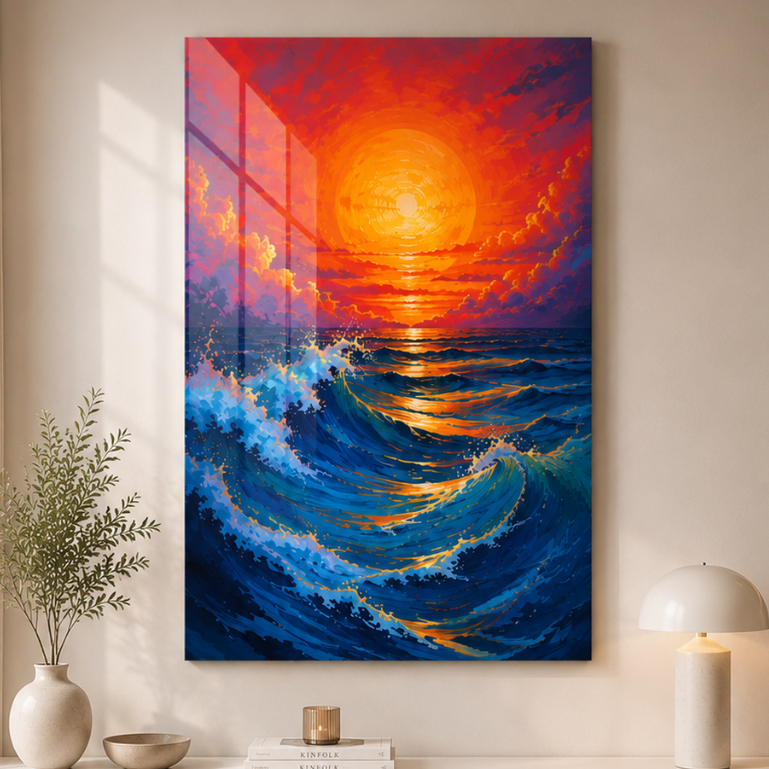 Quadro Decorativo Mar Ondas e Pôr do Sol Vibrante Arte Moderna para Sala e Quarto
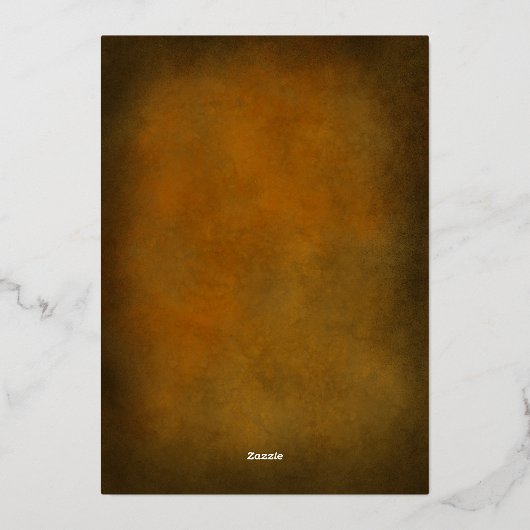 Western rustiek Hoefijzer hart bruin goud bruiloft Folie Uitnodiging (Achterkant)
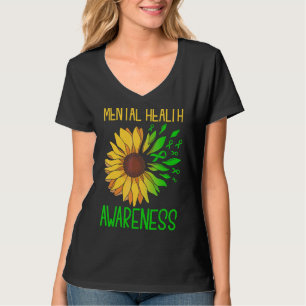 Sonnenblumen Grüne Ribbon psychische Gesundheit Be T-Shirt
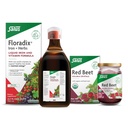 Floradix Iron & Herbes (23,7 oz) & Salus Red Beet Crystals (7 oz) - Supplément en fer pour un soutien énergétique sain* et mélange de racines de betteraves alimentaires biologiques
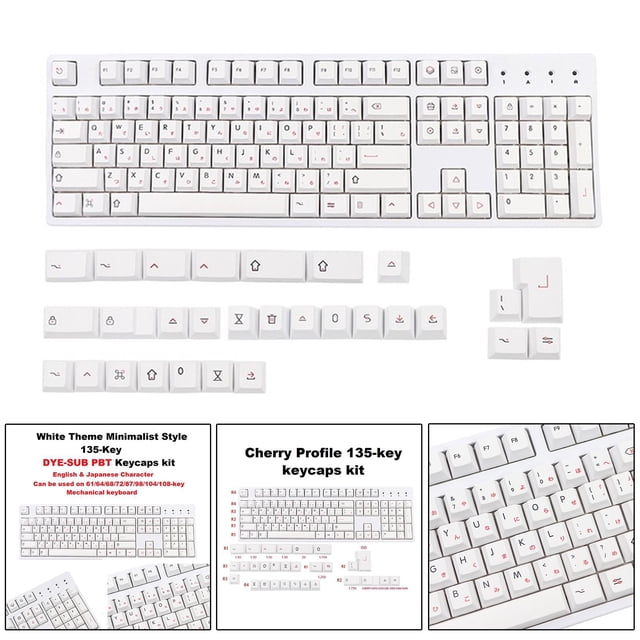 Teclado mecánico 135 Teclas Yotijar PBT japonés blanco 12x7.8x0.8 pulgadas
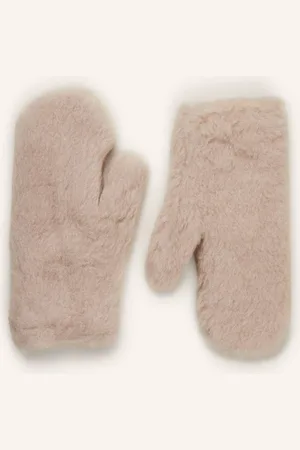 Max Mara Teddyfell-Fäustlinge Ombrato Mit Alpaka beige
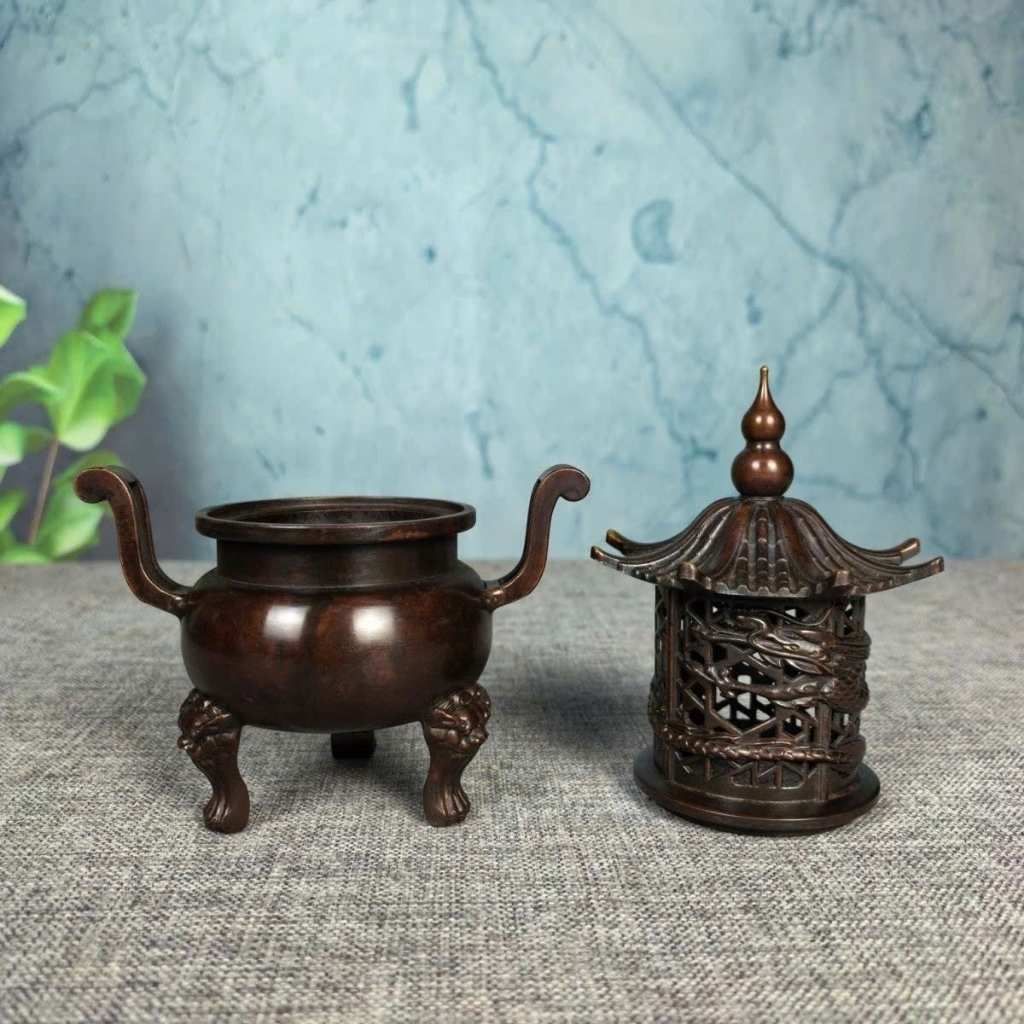  Lư Xông Trầm Bằng Đồng Hình Tháp Lầu Chạm Rồng Cổ Sưu Tầm BKMECN-10307 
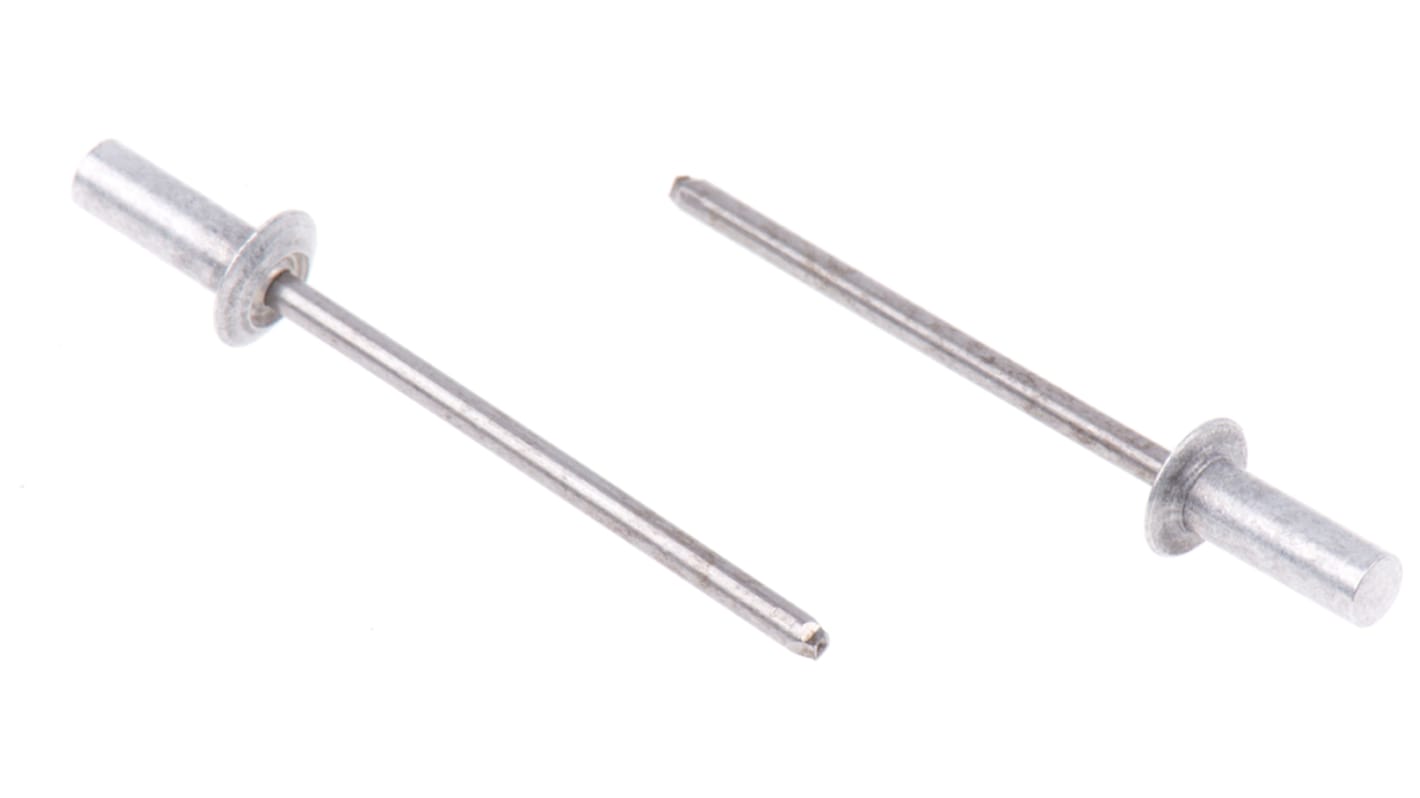 POP Blind Niet, Ø 3.2mm x 9mm, Silber, Aluminium, 3.4mm aus Stahl, min. 3.2mm, max. 4.8mm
+-------+
= GOAL OF THE EXERCISE =
Print the entries above exactly, leaving pictures out.

= SOLUTION BELOW =
 Quadro Decorativo Mar Ondas e Pôr do Sol Vibrante Arte Moderna para Sala e Quarto
 Western rustiek Hoefijzer hart bruin goud bruiloft Folie Uitnodiging (Achterkant)
 Sonnenblumen Grüne Ribbon psychische Gesundheit Be T-Shirt
 Floradix Iron & Herbes (23,7 oz) & Salus Red Beet Crystals (7 oz) - Supplément en fer pour un soutien énergétique sain* et mélange de racines de betteraves alimentaires biologiques
 Teclado mecánico 135 Teclas Yotijar PBT japonés blanco 12x7.8x0.8 pulgadas
 Max Mara Teddyfell-Fäustlinge Ombrato Mit Alpaka beige
  Lư Xông Trầm Bằng Đồng Hình Tháp Lầu Chạm Rồng Cổ Sưu Tầm BKMECN-10307 
 POP Blind Niet, Ø 3.2mm x 9mm, Silber, Aluminium, 3.4mm aus Stahl, min. 3.2mm, max. 4.8mm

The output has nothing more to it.